# Material supplied:
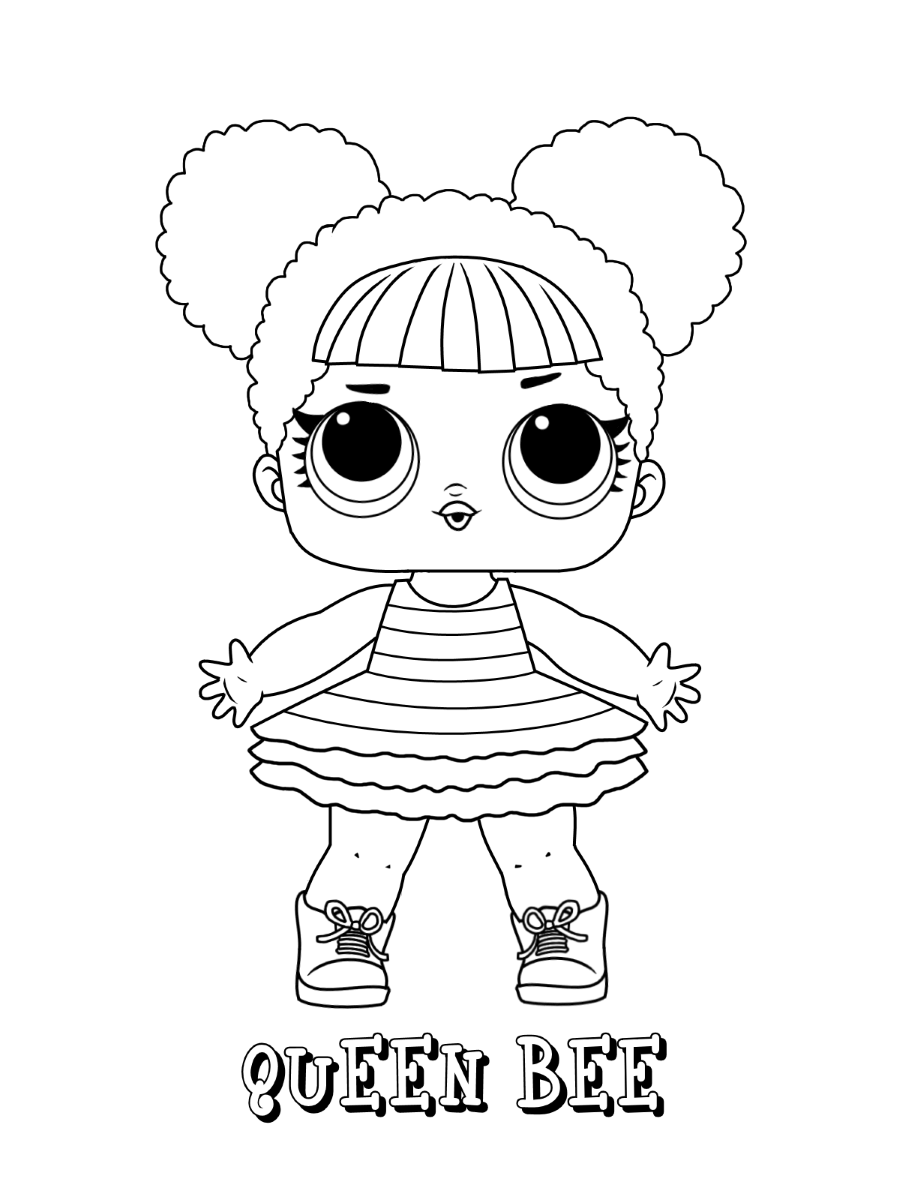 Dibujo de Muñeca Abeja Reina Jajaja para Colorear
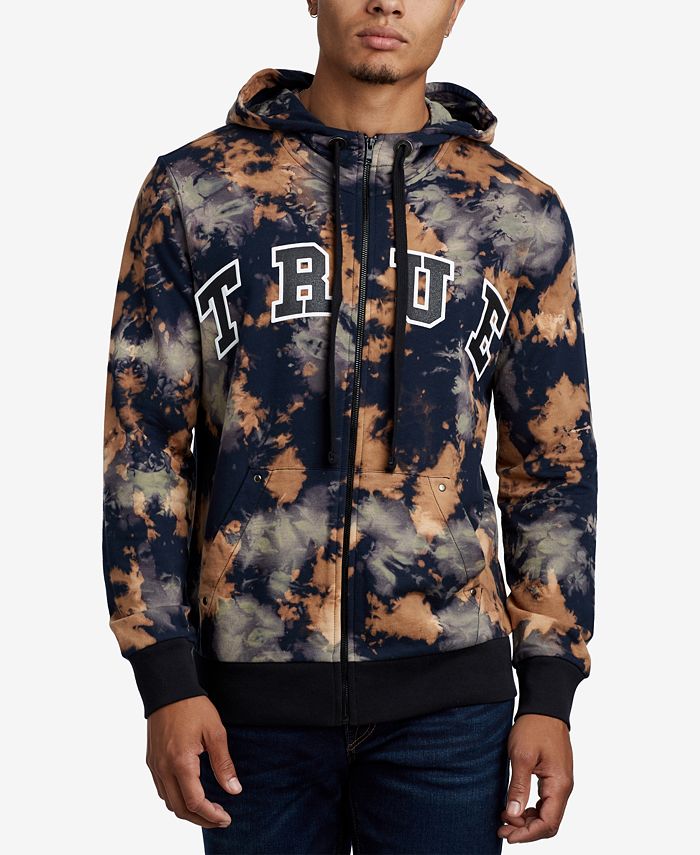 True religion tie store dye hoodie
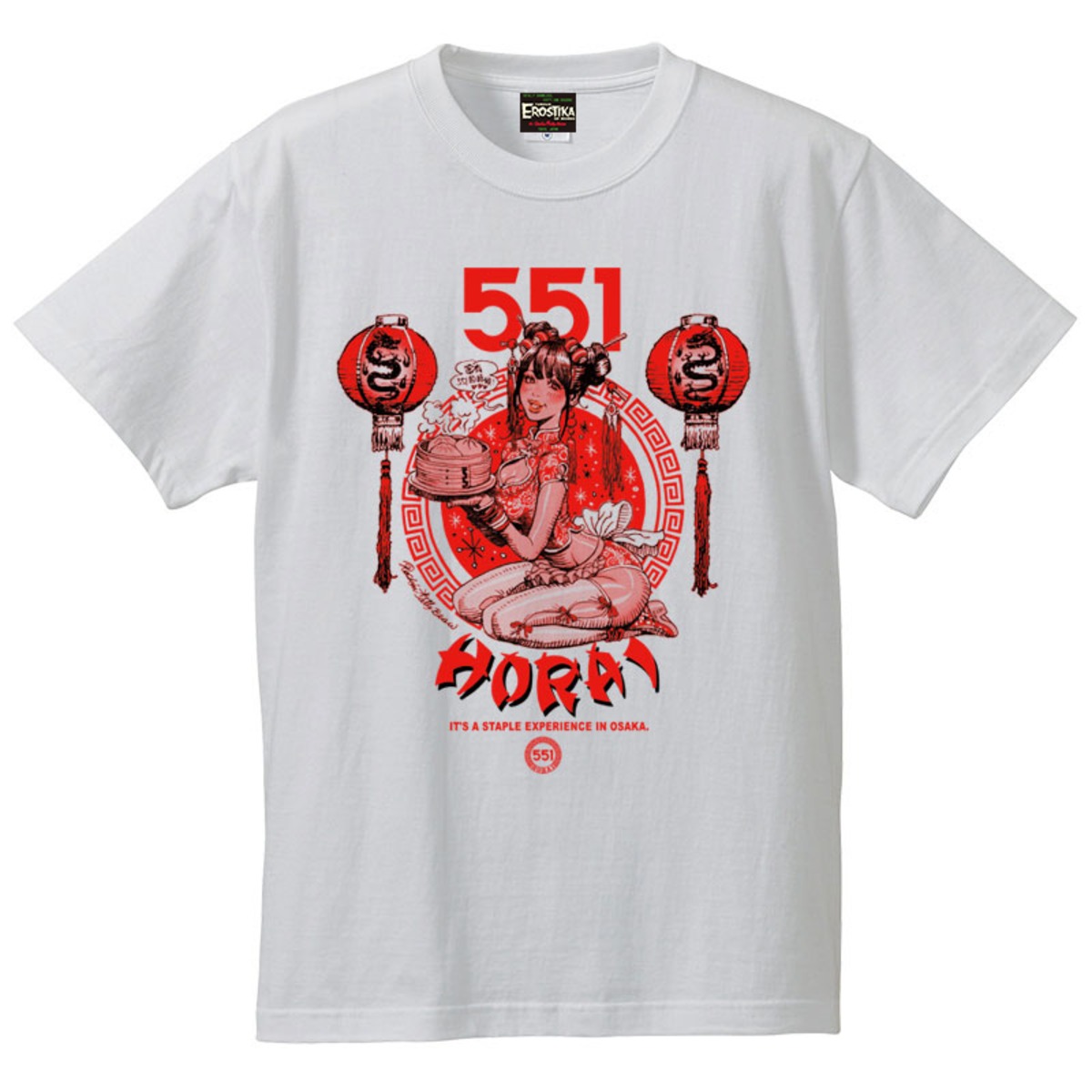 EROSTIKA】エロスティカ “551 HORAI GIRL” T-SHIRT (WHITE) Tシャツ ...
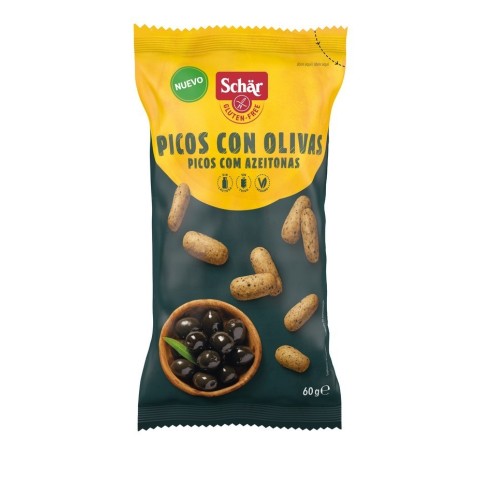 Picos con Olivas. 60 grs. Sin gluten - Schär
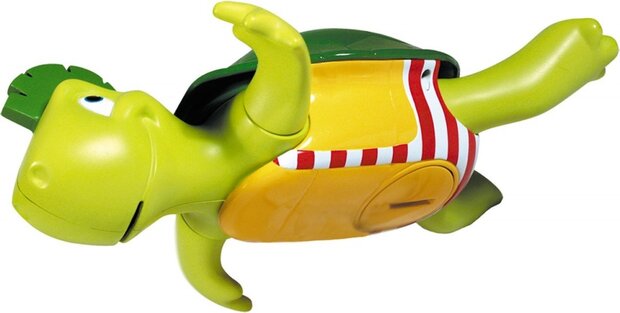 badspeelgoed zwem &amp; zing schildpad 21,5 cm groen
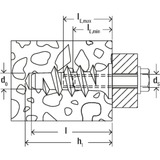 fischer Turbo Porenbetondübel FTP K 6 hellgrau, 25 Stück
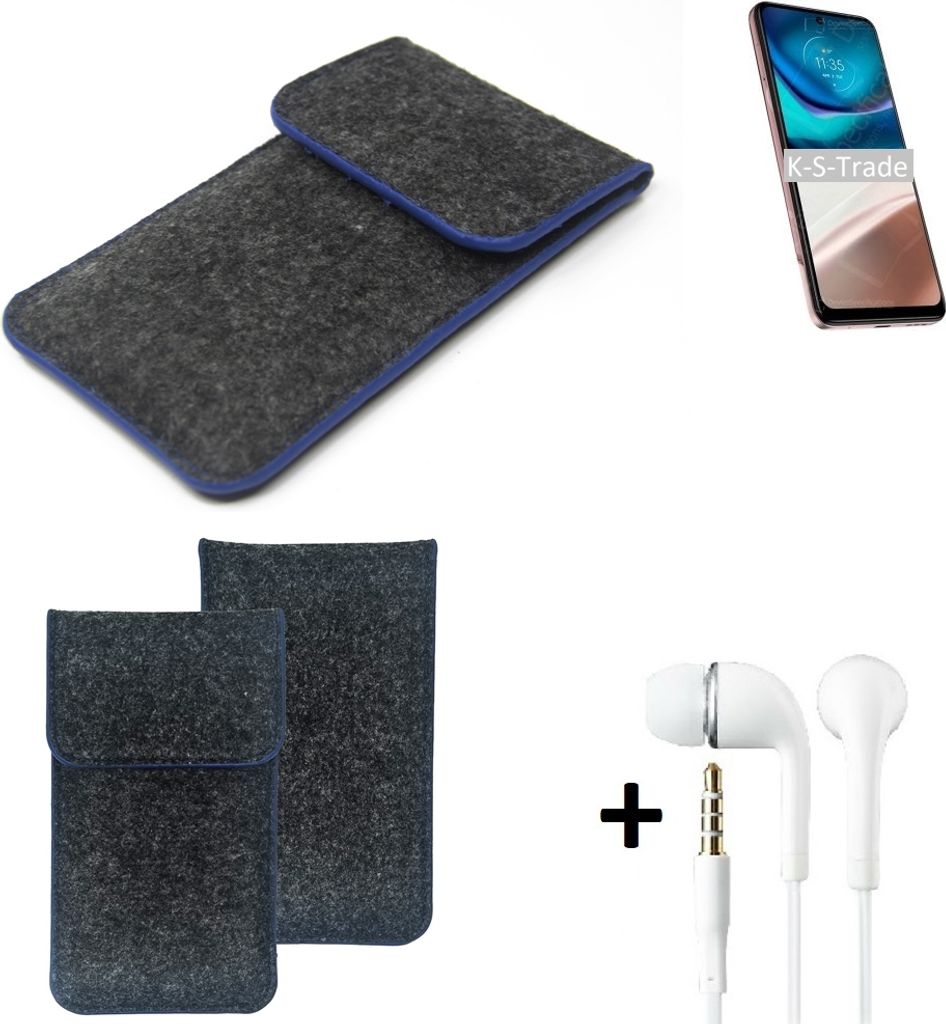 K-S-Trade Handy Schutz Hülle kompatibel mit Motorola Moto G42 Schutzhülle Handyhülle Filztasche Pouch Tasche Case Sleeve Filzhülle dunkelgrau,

# Exercise aim:
Would you retype the entries above in full, exactly as written, minus the pictures?

# Solution below:
 Dibujo de Muñeca Abeja Reina Jajaja para Colorear
 True religion tie store dye hoodie
 EROSTIKA】エロスティカ “551 HORAI GIRL” T-SHIRT (WHITE) Tシャツ ...
 Picos con Olivas. 60 grs. Sin gluten - Schär
 badspeelgoed zwem &amp; zing schildpad 21,5 cm groen
 fischer Turbo Porenbetondübel FTP K 6 hellgrau, 25 Stück
 K-S-Trade Handy Schutz Hülle kompatibel mit Motorola Moto G42 Schutzhülle Handyhülle Filztasche Pouch Tasche Case Sleeve Filzhülle dunkelgrau,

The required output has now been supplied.